Per a 2003 FDIC order, Medallion Bank has been prohibited from (i) entering any new lines of business without prior approval from the FDIC, and (ii) growing the medallion portfolio in excess of certain capital ratios, in effect requiring Medallion Bank to diversify its assets. Furthermore, as a condition to receipt of FDIC insurance, Medallion Bank entered into a capital maintenance agreement with the FDIC requiring it to maintain a 15% leverage ratio (Tier 1 capital to total assets).
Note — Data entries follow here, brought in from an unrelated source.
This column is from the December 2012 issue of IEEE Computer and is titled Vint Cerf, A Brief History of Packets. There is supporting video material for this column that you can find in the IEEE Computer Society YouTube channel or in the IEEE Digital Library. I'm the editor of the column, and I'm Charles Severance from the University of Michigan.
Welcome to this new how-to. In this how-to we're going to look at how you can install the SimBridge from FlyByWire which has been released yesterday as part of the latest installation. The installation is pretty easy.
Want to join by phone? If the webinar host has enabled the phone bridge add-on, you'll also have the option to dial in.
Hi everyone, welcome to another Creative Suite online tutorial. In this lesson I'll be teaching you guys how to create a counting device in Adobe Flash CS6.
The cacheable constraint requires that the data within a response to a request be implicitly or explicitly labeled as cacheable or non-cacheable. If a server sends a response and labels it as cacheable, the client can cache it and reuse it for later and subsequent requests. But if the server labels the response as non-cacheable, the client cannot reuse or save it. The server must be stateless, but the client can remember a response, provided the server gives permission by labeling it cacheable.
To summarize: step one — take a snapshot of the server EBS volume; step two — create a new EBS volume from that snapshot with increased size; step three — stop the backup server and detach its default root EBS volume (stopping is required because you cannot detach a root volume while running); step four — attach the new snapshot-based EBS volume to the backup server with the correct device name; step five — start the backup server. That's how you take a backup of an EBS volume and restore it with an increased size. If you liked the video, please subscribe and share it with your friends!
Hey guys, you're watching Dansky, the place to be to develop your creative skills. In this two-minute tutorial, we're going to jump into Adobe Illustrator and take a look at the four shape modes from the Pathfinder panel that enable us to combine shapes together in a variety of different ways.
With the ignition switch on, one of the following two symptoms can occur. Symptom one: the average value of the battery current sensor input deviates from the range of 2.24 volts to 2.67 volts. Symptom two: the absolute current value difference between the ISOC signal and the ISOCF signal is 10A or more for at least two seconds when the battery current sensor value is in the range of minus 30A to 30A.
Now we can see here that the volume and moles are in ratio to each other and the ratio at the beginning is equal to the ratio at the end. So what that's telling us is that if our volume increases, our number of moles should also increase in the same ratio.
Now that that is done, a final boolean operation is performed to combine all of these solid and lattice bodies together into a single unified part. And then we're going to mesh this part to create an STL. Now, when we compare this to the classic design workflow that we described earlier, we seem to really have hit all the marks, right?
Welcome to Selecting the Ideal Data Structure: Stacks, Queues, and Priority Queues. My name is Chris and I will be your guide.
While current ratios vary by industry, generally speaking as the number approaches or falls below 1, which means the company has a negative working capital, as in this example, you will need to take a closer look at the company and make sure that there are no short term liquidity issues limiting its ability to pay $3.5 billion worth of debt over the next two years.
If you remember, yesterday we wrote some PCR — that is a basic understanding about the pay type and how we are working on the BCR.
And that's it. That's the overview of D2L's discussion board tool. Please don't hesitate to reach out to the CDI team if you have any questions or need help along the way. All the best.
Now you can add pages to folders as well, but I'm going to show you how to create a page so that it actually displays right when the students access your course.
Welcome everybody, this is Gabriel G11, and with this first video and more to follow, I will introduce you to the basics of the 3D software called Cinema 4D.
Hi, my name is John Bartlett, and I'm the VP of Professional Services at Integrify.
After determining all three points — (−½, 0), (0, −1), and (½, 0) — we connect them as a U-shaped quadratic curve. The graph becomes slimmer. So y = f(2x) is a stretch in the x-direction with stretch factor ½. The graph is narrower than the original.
The Company believes this restriction is higher than required of peer banks and further limits the value of the Company’s investment in Medallion Bank.

 

There is significant uncertainty in the regulatory environment relating to industrial banks through the passage of the Dodd-Frank Act, which imposes a moratorium on new industrial bank charters and industrial bank transfers to certain commercial firms before 2013. Previously, federal legislation has been proposed that could have impaired Medallion Bank’s operating flexibility and hence the value of Medallion Bank. The proposed legislation would have (i) provided more regulatory oversight over Medallion Bank’s parent and affiliates, (ii) limited the Company’s ability to either sell Medallion Bank, or change its ownership group, and (iii) if Medallion Bank was chartered after September 30, 2003, restrict the development of new business ventures.

 

Medallion Bank’s primary value to the Company is derived from its ability to lower the price at which the Company obtains funds for making investments in its portfolio companies and its earnings which cannot be duplicated by any other current or foreseen investment opportunity. Replacing this stream would be very difficult. As a result, the Company does not have any current intention to dispose of its investment in Medallion Bank.

 

All of the Medallion loans and commercial loans originated by Medallion Bank are referred to Medallion Bank by the Company. The Company maintains the entire origination and servicing platform for these loans and reserves the right to no longer refer loans to Medallion Bank without notice. Because the Company typically services all of these loans, Medallion Bank does not have direct contact with these borrowers or an appropriate platform to conduct this business.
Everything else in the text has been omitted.